June 5 (HealthDay News) -- Software that combines information from two imaging technologies -- single photon emission computed tomography (SPECT) and cardiac computed tomography (CT) angiography -- can boost the diagnosis of heart disease, U.S. researchers say.

SPECT provides three-dimensional images of blood flow to the heart muscle, while cardiac CT angiography provides detailed images of coronary arteries.

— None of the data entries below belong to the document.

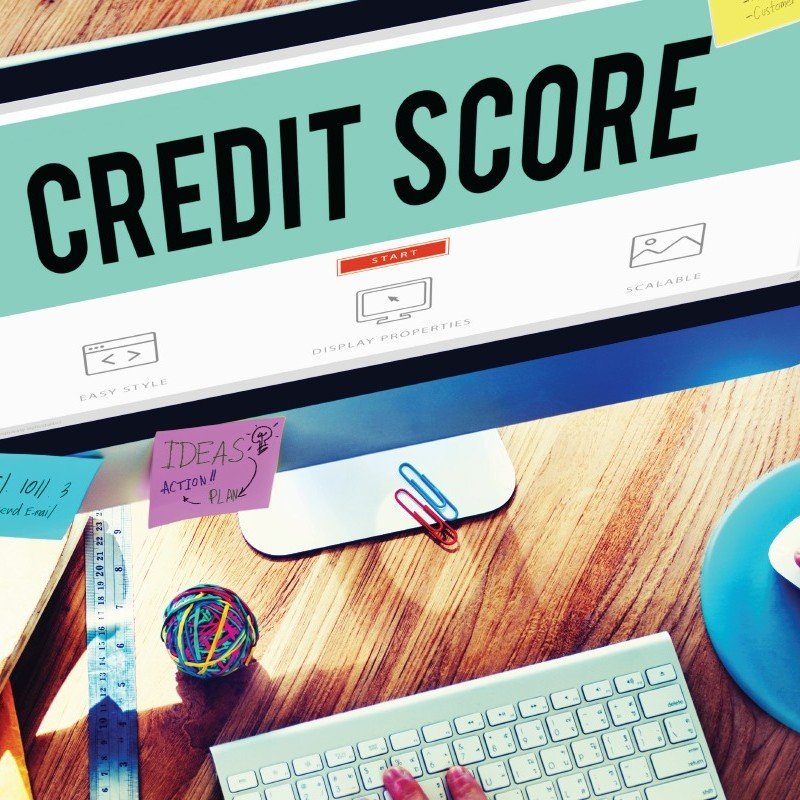 Let's talk about something that impacts your financial journey &ndash; your credit score! See this Financial Capability Month resource from GreenPath.

https://www.greenpath.com/wellness-education/how-is-credit-score-calculated/?partner_name=Loyalty 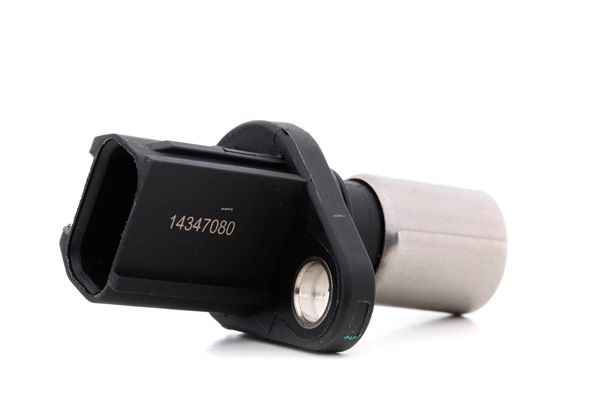 STARK | Sensor Posição Da Árvore De Cames Sensor inductivo SKSPS-0370163 TOYOTA Yaris I Hatchback (P1) 2004 baratos online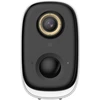 WRL CAMERA 8MP BULLET WIFI/BATTERY BF8H DAHUA BF8H (6937552404984)
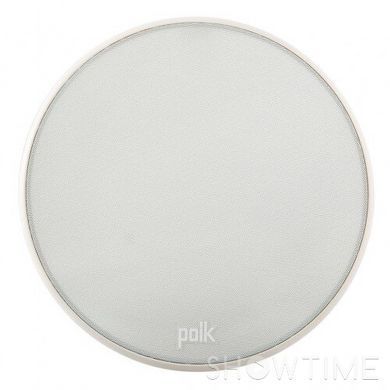 Встраиваемая акустика 100 Вт Polk Audio V6s 529310 фото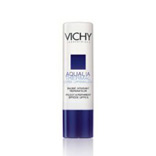 Бальзам для губ «Аквалия термаль» Vichy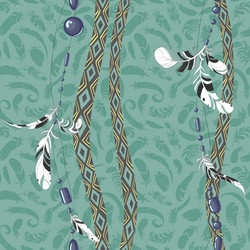 Similar image 7820756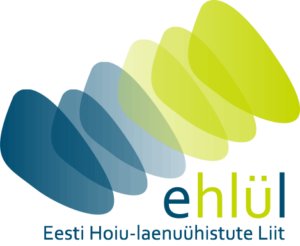 logo_ehlyl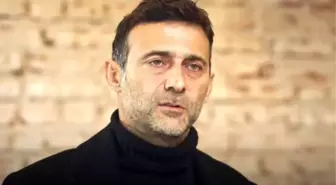 Alev Alev 'Çelebi' kimdir, gerçek adı ne? Cem Bender kimdir? Cem Bender kaç yaşında ve nereli? Cem Bender film ve dizileri!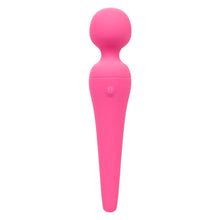 Load image into Gallery viewer, Couture Collection Body Wand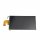 Nintendo Switch Display LCD Bildschirm + Touchscreen Digitizer Glas NS-LCD 720p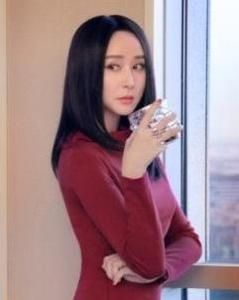 麗莎[電視劇《橙紅年代》中的人物]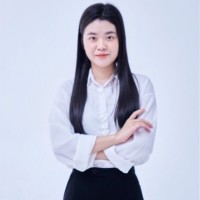 Tran Le Phuong Linh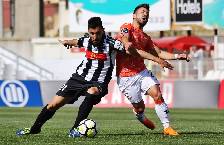 Nhận định Portimonense vs Moreirense, 0h00 ng&agrave;y 11/5
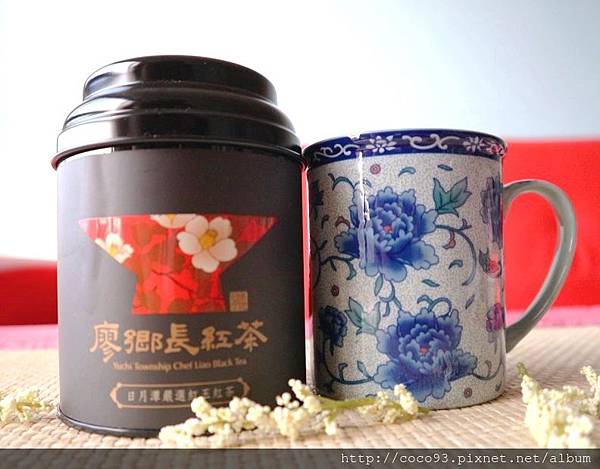 廖鄉長紅茶 (7).jpg 廖鄉長紅茶 (7).jpg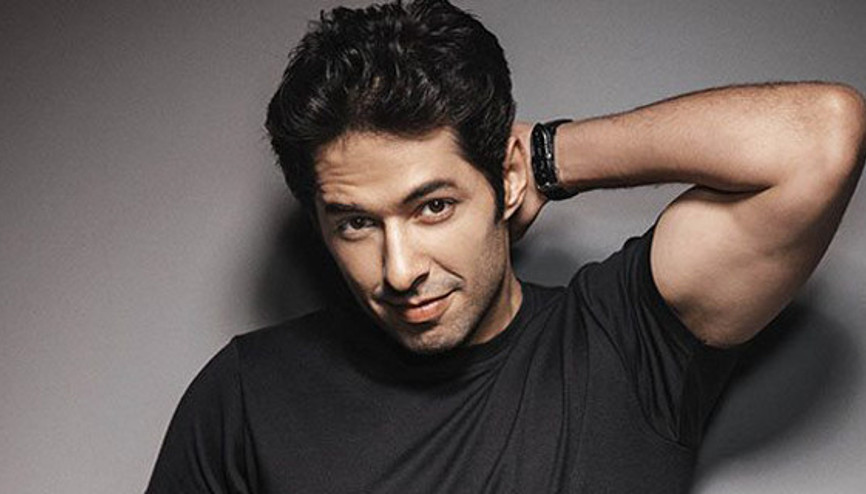 Mert Fırat kimdir Mert Fırat kimdir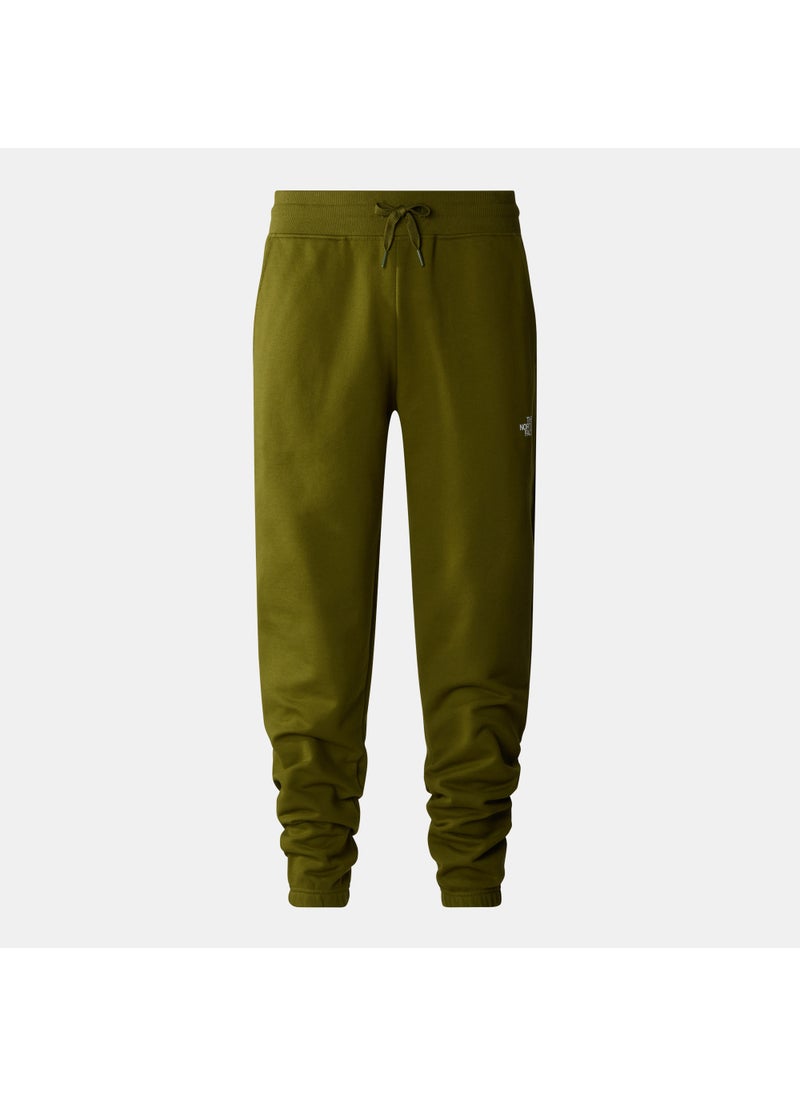 Men's Zumu Sweatpants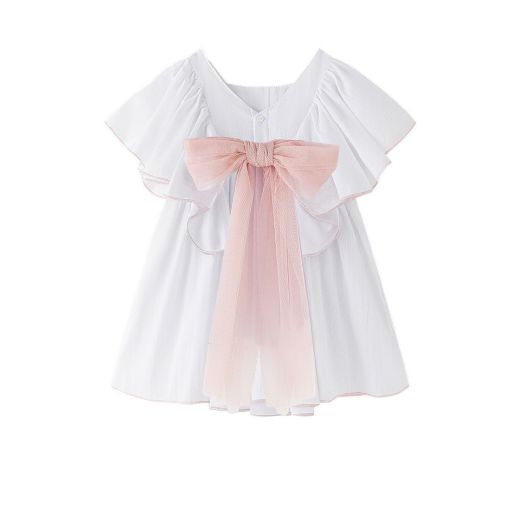 Imagen de Vestido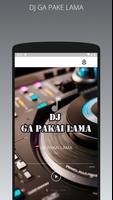 DJ GA PAKE LAMA REMIX capture d'écran 2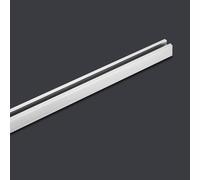 Fischer & Honsel Modular m6 Système de rails, 24630,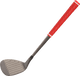 Golf club item sticker for the Mario Golf: Super Rush trophy in the Trophy Creator application
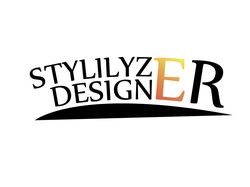 StylilyzerDesigner
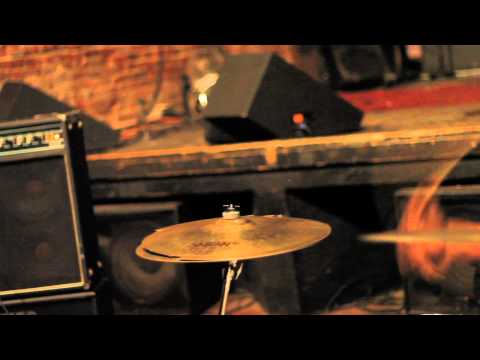 UNSTOPPABLE DEATH MACHINES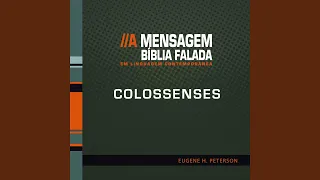 Colossenses 01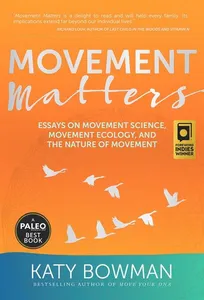 Movement Matters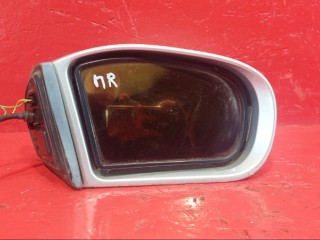зеркало наружное левое Mercedes-Benz C-Класс W203/S203/CL203 W203 2002, 271.946, 2038107876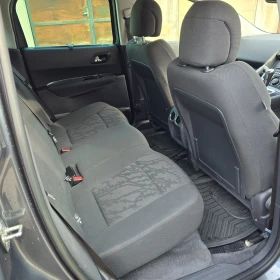 Peugeot 3008 - 7500 лв. - 85585826 7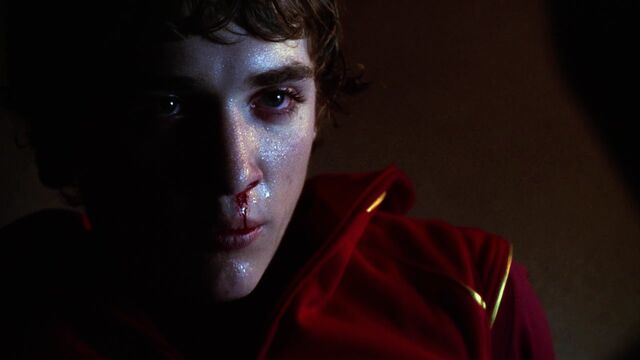 File:0611Smallville38.jpg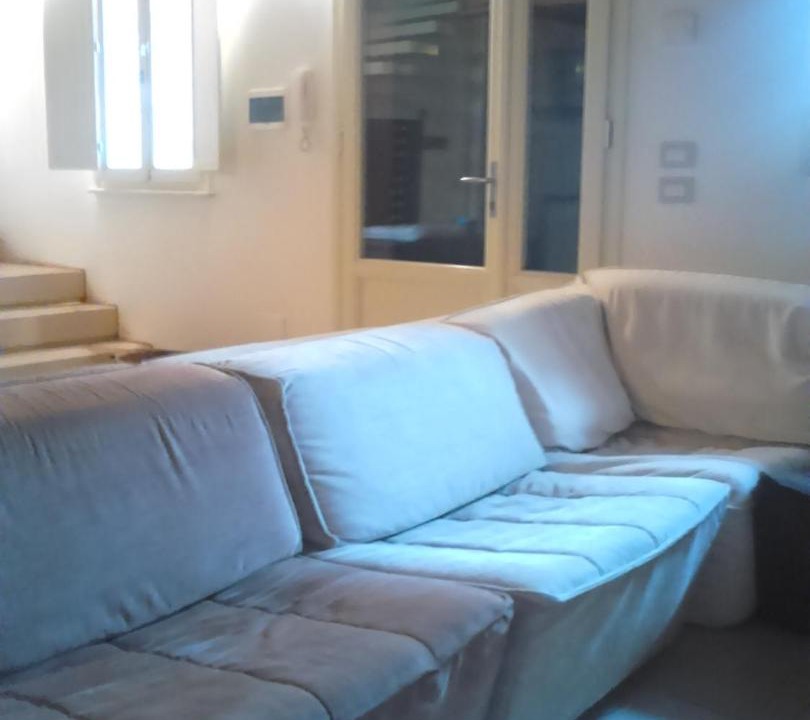 Photo of Livingroom in Campagnolo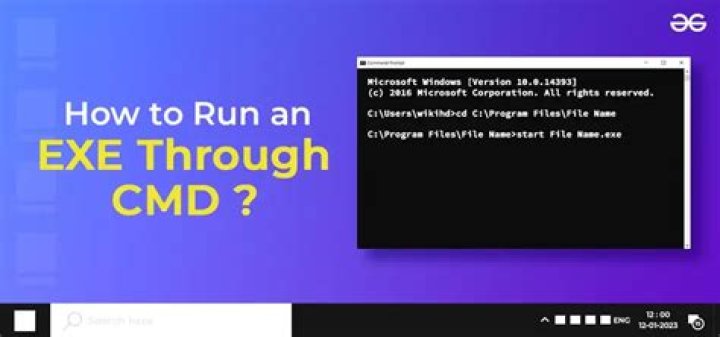 Command line (cmd.exe): how to extract folder's security settings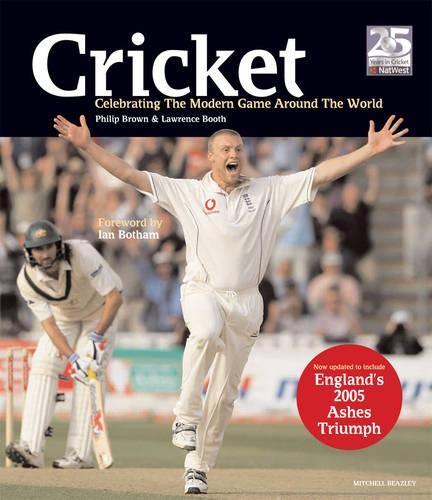 Cricket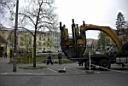 Bialystok 2007-04-19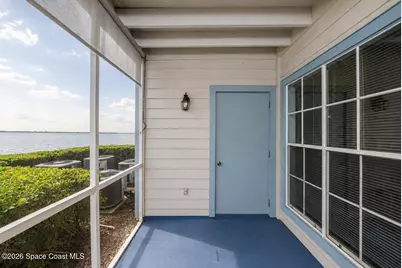 7050 N Highway 1 #103, Cocoa, FL 32927 - Photo 26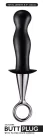 5" SILICONE BUTT PLUG II_B15O25_4
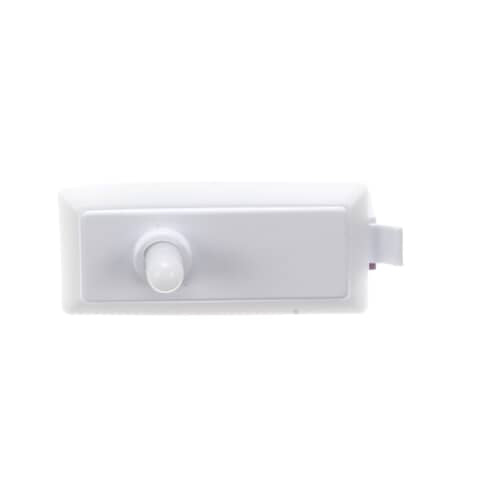 Samsung Switch Door;Ac125-250V,0.75-1. - DC64-00828H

"By combining the physiological (or functional) images of the blood flow to the heart muscle at stress and at rest with the high-resolution anatomical depiction of coronary arteries and their blockages, we can determine the diagnosis of coronary artery disease more accurately," Piotr Slomka, a research scientist with the Artificial Intelligence in Medicine Program at Cedars-Sinai Medical Center in Los Angeles, said in a prepared statement.

"These scans are obtained at different times -- and even at different locations -- but our computer software puts the information together in 3-D. This synergistic integration allows simultaneous analysis of the heart muscle blood flow with a highly accurate image of coronary arteries and their blockages. It eliminates the limitations of imaging with either SPECT or CT alone," Slomka said.

While this imaging combination could be done with specialized hybrid scanners, Slomka said "our software approach is more flexible since the combination is required in only a subset of cases. We can use the best possible CT angiography equipment and SPECT at much lower cost than the dedicated combined scanner. In any case, the hybrid scanners would still require software techniques similar to ours due to the heart motion."

Slomka was scheduled to present the research over the weekend at the annual meeting of the Society of Nuclear Medicine, in Washington, D.C.